Suntikan dana dari dewan membuatnya mudah membayar kucing-kucing liar yang tak
punya majikan dan hidup di got-got dan tempat sampah. Lori dan Wati mendengar
bahwa akan ada aksi perlawanan yang dikomandoi Kucing Bu Sumi. Massa yang
mereka bawa masih terbilang kurang untuk melawan Kucing Bu Sumi. Hari semakin
dekat, Lori dan Wati tetap menggelar aksi dengan membawa sukarelawan tambahan
dari kampung sebelah.
Pukul dua dini hari,
saat purnama tampak sedap dipandang—menguning terang. Balai RW tempat Kantor
Dewan Kucing telah dijaga oleh pasukan Kucing Bu Sumi. Lori dan Wati memimpin
pasukannya di depan, aksi berjalan damai dengan penyampaian tiga tuntutan
rakyat, salah satunya untuk menghukum mati Kucing Bu Sumi.
Tak ada satu pun anggota
dewan yang meladeni mereka. Anggota dewan telah menyerahkan semuanya kepada
Kucing Bu Sumi. Aksi yang awalnya terkendali berubah memanas saat Kucing Bu
Sumi keluar dari dalam kantor dewan dengan muka sombong, mendekat dan berdiri
di depan Lori dan Wati. Mereka saling tatap, keheningan sempat hadir beberapa
detik, suara angin terdengar lirih, sampai Kucing Bu Sumi menggoda Wati dan
meludahi Lori, baku hantam antar dua pasukan tak terhindarkan. Suara-suara
teriakan menggelegar hingga ujung kampung. Salah seorang warga yang mendengar
lalu menyiramkan satu ember air. Namun perkelahian di antara dua pasukan masih
terjadi dan terus melebar, membangunkan banyak warga.
Hingga subuh ketegangan
masih terjadi, para majikan membawa kucing-kucing mereka masuk dan
mengurungnya. Termasuk Kucing Bu Sumi, Wati, dan Lori. Kucing-kucing liar
kembali ke sarangnya. Setelahnya kampung menjadi sunyi, warga kembali tidur,
ada yang menuju ke masjid, dan ada yang bersiap untuk berangkat kerja. Bu Sumi
marah besar, di kandang yang sama, ia menyiramkan air untuk memberi hukuman
pada kucingnya yang kelewat nakal dan tak punya aturan.

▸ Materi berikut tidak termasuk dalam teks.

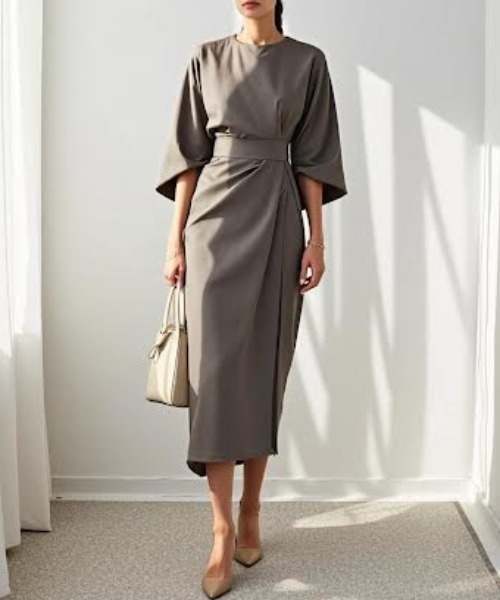 「cammie」 半袖ワンピース M ライトグレー レディース_画像2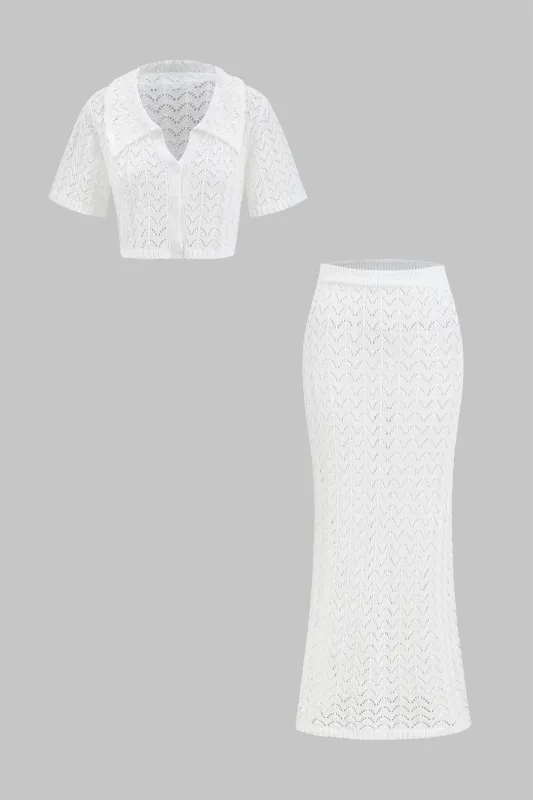 Strik udskåret knap kortærmet top og nederdel sæt sold by Micas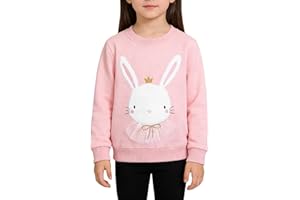 Bunny Sweatshirts for Girls Easter Pullover Toddler Long Sleeve Crewneck Tops Kids Cute Cotton Fleece Holiday Clothes
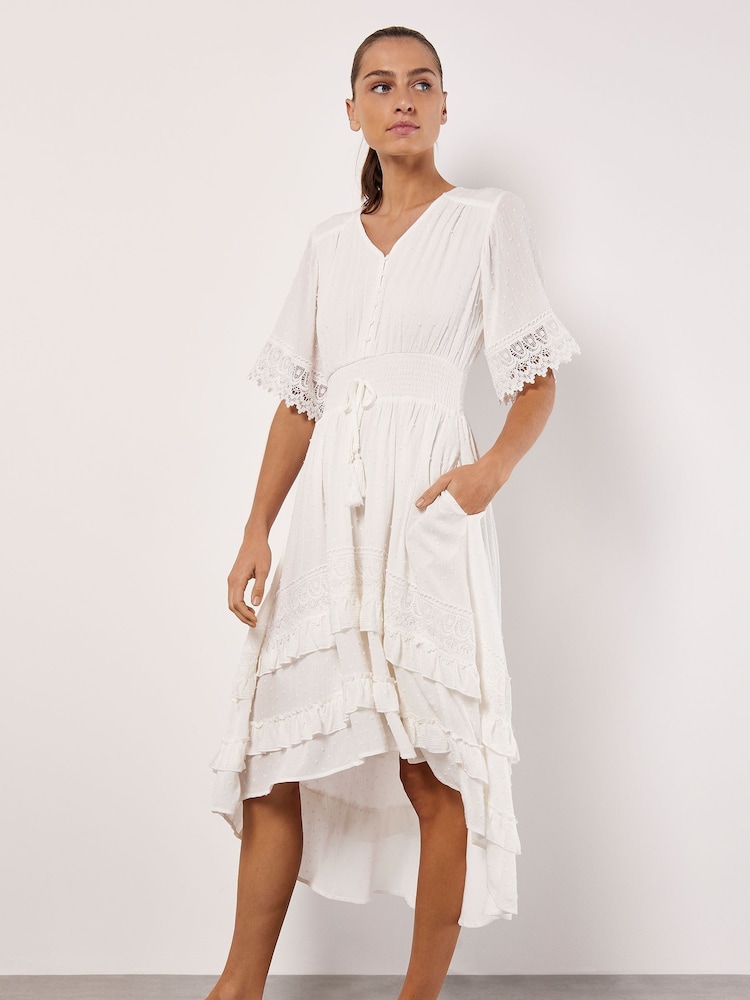 Apricot White Dobby Ruffle Tiered Mini Dress - Image 2 of 4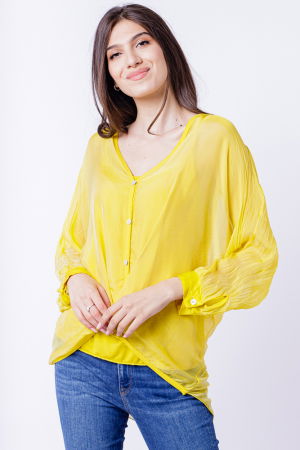 Bluza tip camasa, cu fald, din matase si vascoza galbena, cu dublura Cămăși din Vâscoză - Bluza tip camasa, cu fald, din matase si vascoza galbena, cu dublura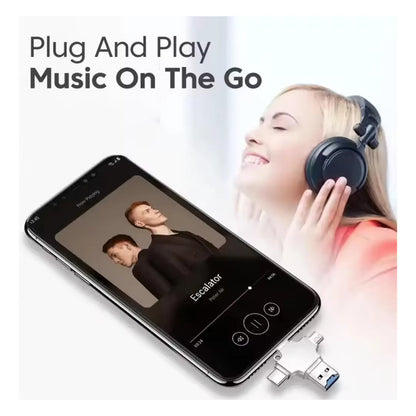 LECTOR TARJETAS MICRO SD 4 EN 1 USB OTG TIPO C LIGHTNING PLATEADO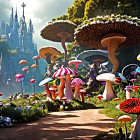 Colorful Giant Mushrooms in Fantasy Landscape with Winding Path to Castle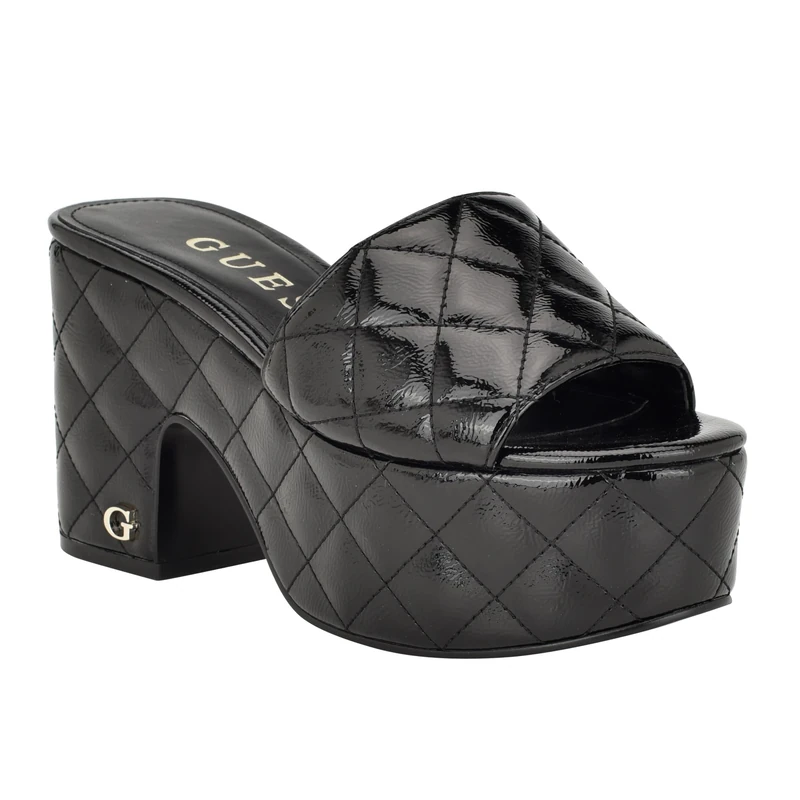 GUESS Women's Yanni Heeled Sandal, Black, 5 UK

Ayah Kucing Bu Sumi tak
peduli, ia hanya melihat anaknya yang kedinginan dari atas sebuah kursi kayu.
Setelah kegagalannya,
Lori dan Wati pasrah, tak ada lagi yang bisa mereka lakukan. Tak lama setelah
aksi itu, Kucing Bu Sumi diangkat menjadi Ketua Dewan Kucing atas jasanya
memberi kedamaian di kampung. Jelas, banyak yang tak terima. Dari kucing
veteran hingga kucing-kucing kecil yang masih disusui ibunya. Banyak yang tak
suka sepak terjang Kucing Bu Sumi yang licik dan tak punya sopan-santun.
Kepemimpinan Kucing Bu
Sumi hampir sama dengan ayahnya, diktator baru—sebutan untuk Kucing Bu Sumi
dari Lori dan Wati. Peserta aksi dari pihak Kucing Bu Sumi, mulai mendapatkan
jabatan sebagai upah membantu mendamaikan kampung. Ada yang menjadi anggota
dewan, ketua cabang, pemimpin pasukan penjaga, dan asisten pribadi Kucing Bu
Sumi.
Asisten Kucing Bu Sumi
adalah kucing persia betina berwarna putih yang cantik dan seksi. Banyak
desas-desus yang mengatakan bahwa Kucing Bu Sumi sengaja memilih kucing itu
untuk memuaskan nafsunya. Sumber yang didapat dari teman Lori, bahwa mulai
terlihat kencing atau air mani kucing di tembok kantor dewan. Terutama di
sekitar ruangan Kucing Bu Sumi. Mendengar itu Lori langsung mengabari Wati,
obrolan mereka menciptakan ide yang cemerlang.
Ada satu peraturan yang
tak boleh dilanggar, dan sudah ada sejak dulu. Peraturan untuk membuat
undang-undang yang dibuat dan disahkan oleh rakyat kucing. Jadi setiap satu
kali masa kepemimpinan, rakyat kucing boleh membuat undang-undang yang
ditujukan untuk para pejabat sebagai bentuk pengawasan mereka terhadap anggota
dewan. Ketua dari pembentukan undang-undang itu ditunjuk langsung oleh Ketua
Dewan Kucing. Ide muncul dibenak Lori, untuk membuat Kucing Bu Sumi menunjuk
Wati sebagai ketua pembentukan undang-undang. Bukan hal sulit, karena Lori
yakin Kucing Bu Sumi masih memiliki rasa kepada Wati. Wati tak keberatan dengan
permintaan Lori.
Pada suatu malam, Wati
mengeong di atas rumah Bu Sumi, dengan maksud memanggil Kucing Bu Sumi. Dan
benar saja, tak lama setelah itu, Kucing Bu Sumi naik ke atap rumah dan
menghampiri Wati. Di sana operasi misi Lori dan Wati dilakukan. Wati membiarkan
Kucing Bu Sumi menggodanya, menyetubuhinya. Rintihan Wati terdengar hingga
telinga Lori. Misi berhasil dilakukan, Lori dan Wati tinggal menunggu saat
rangkaian pembuatan undang-undang dimulai satu minggu lagi.
Wati dan Lori tak salah.
Mereka tepat sasaran. Kucing Bu Sumi memilih Wati sebagia ketua pembuat
undang-undang. Lori dipilih Wati sebagai wakilnya, mereka punya waktu dua
minggu untuk mencari anggota kongres, membuat undang-undang dan mensahkannya.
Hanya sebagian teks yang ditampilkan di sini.